Universal modifiers (applicable on all casts)
set
checks if the value is contained in a given set. Otherwhise it becomes NULL
. Example: 'gender' => 'string|set|male,female'
.
limit
the value is cut at the given number of characters. Also works on integer values (will remain of type integer).
Nested and repeated values
You can as well nest your values, if you like to:
$input = \Kiss\Utils::array_clean($_POST, array(
'first_name' => 'string|trim',
'last_name' => 'string|trim',
'age' => 'integer|range|18,99',
'mail_address' => 'mail',
'social' => array(
'facebook' => 'url',
'twitter' => 'url'
)
));
If you want to be able to receive a nested value multiple times, array_clean()
has you covered: it uses a special key called {{repeat}}
which tells the method that the nested property can have multiple children. Yes, this means that you can never pass a real property named {{repeat}}
to the method, but I just declare this to be a minor issue :P
$input = \Kiss\Utils::array_clean($_POST, array(
'users' => array(
'{{repeat}}' => 0,
'first_name' => 'string|trim',
'last_name' => 'string|trim'
);
));
If you set the property to 0
, it means that you assume any number of datasets passed in. Set it to a fixed number to cap the amount of properties in the array.
In our example, the users
property can have a unlimited number of firstname/lastname value pairs in it.

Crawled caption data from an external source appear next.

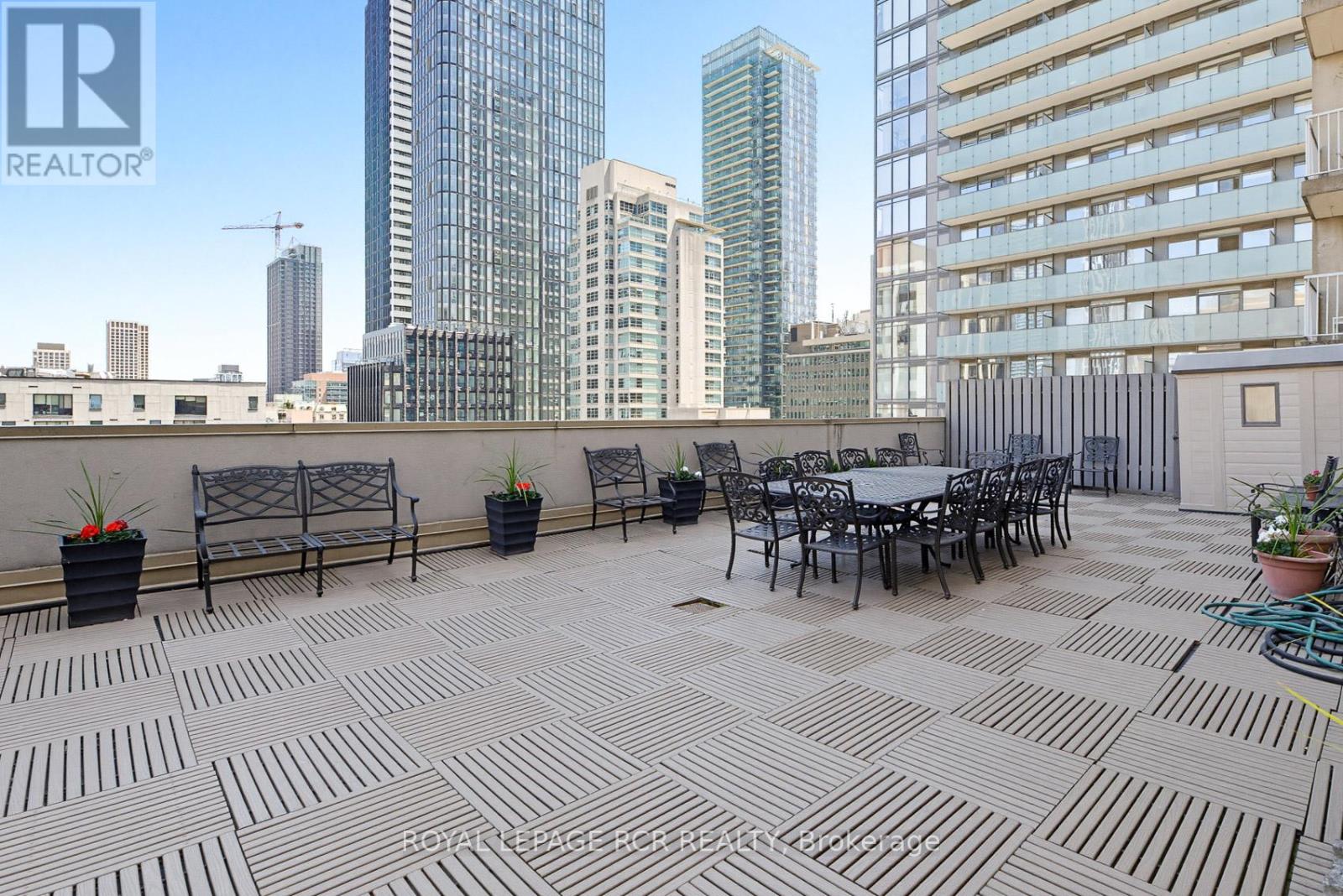 804 - 105 Victoria Street, Toronto, Ontario  M5C 3B4 - Photo 25 - C13414588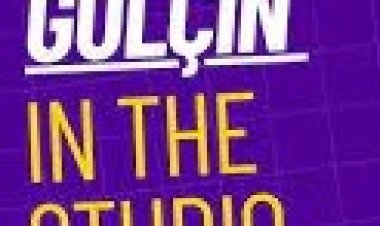 Gülçin Ergül - Drama Queen şarkı sözleri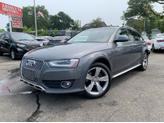 Photo of 2016 Gray Audi allroad
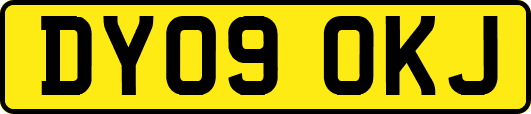 DY09OKJ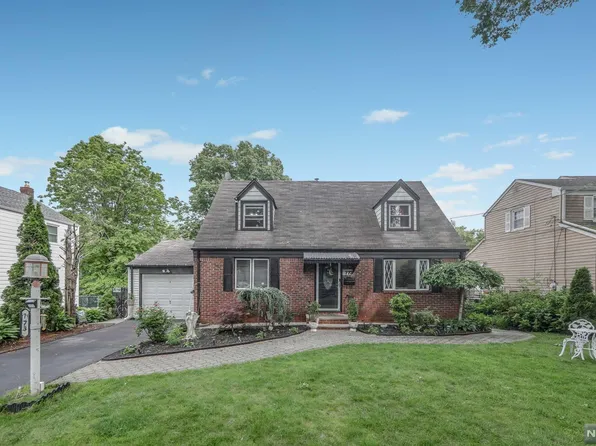 773 George St, Teaneck, NJ 07666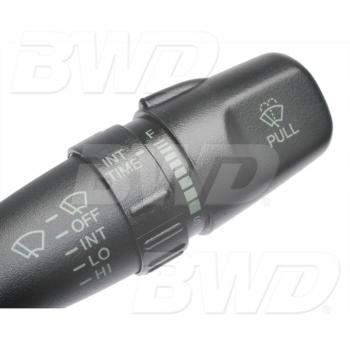 2006 Kia Amanti Turn Signal Switch BWD S14848 image 3 of 4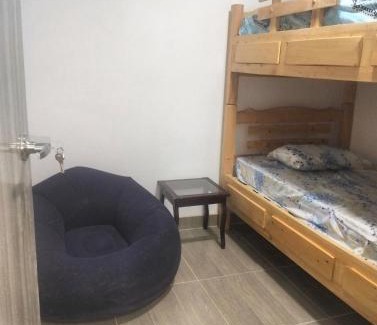 Libano Apartamento | Cómodo apartamento Líbano tolima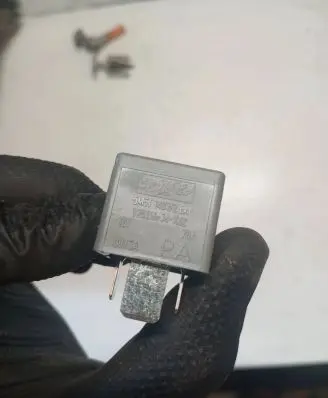 Volvo XC90 Other relay 5M5T14B192EA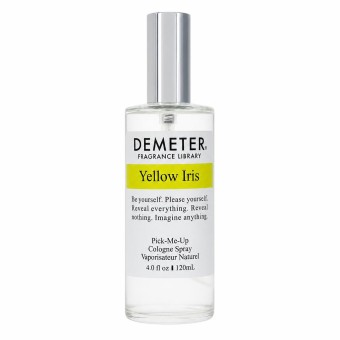 Demeter Yellow Iris Cologne Spray (Unisex) 120 ml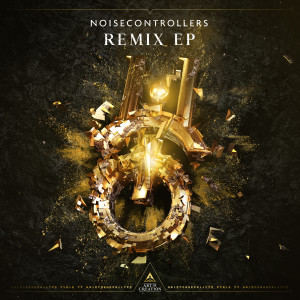 Noisecontrollers的專輯Remix EP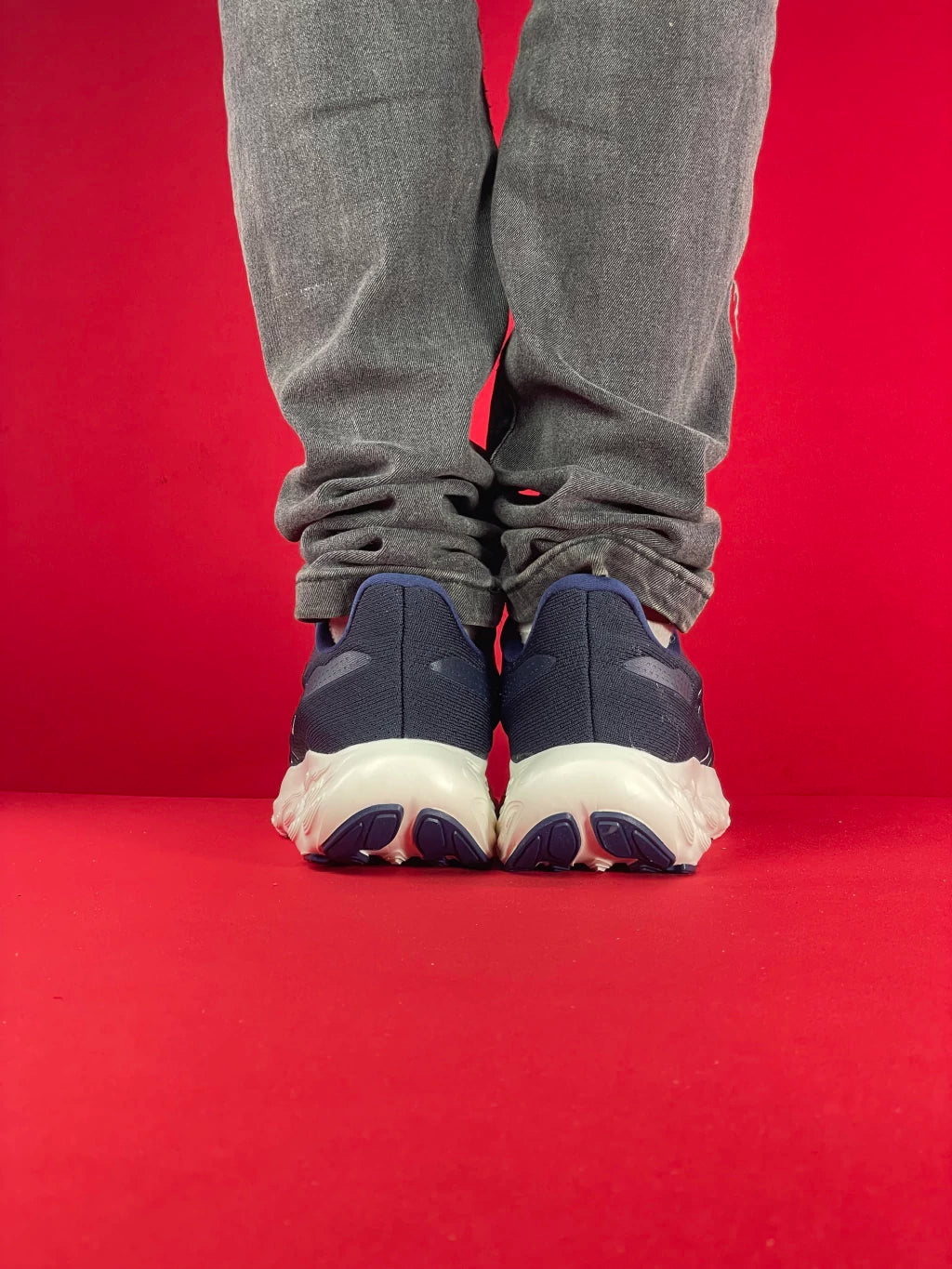TENIS NEW BALANCE 1080 - AZUL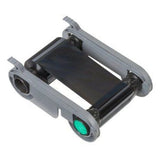 Cinta Monocromo Negra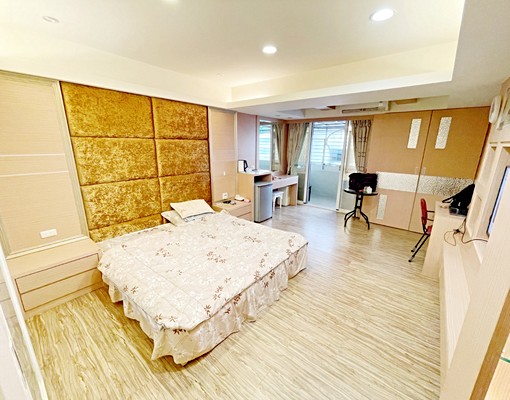 大大推薦可直接入住，樓下就是火車站 - Image 2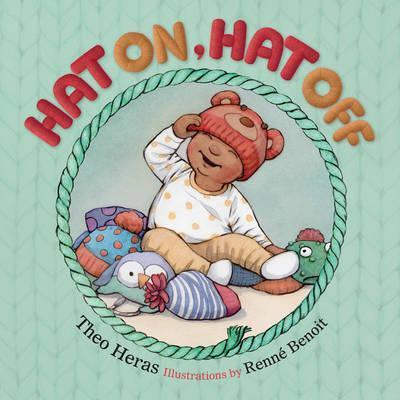 Hat On, Hat Off - Theo Heras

Remapping / renaming properties
Its possible to rename incoming properties on the fly, like so:
'txt-user-name > userName' => 'string'
Assuming you had a text input field with name
set to txt-user-name
, the array clean method will rename the property to userName
, so you can continue working with that property name.
Objectification
If you prefer to work with objects, rather than associative arrays in your program flow, just pass TRUE
as third parameter to the array_clean()
method and you can access all properties with the arrow symbol.
Conclusion
Okay, thats the rough overview of the function. You can find a bit more deailed description inside the function definition of the method.
I hope you like the method and can make good use of it like we do.
greetings,
Chris
Written by Christian Engel
Related protips
2 Responses
Just use the native filter functions, such as http://docs.php.net/manual/en/function.filter-input-array.php
They're available since PHP 5.2!
I could switch the internal functionality of arrayclean to use PHP's filter functions - yes. On the "outside", I still like arrayclean much more, because its easier/quicker to write and looks way cleaner and easier to understand if you take a quick look at your code - but thats a matter of taste.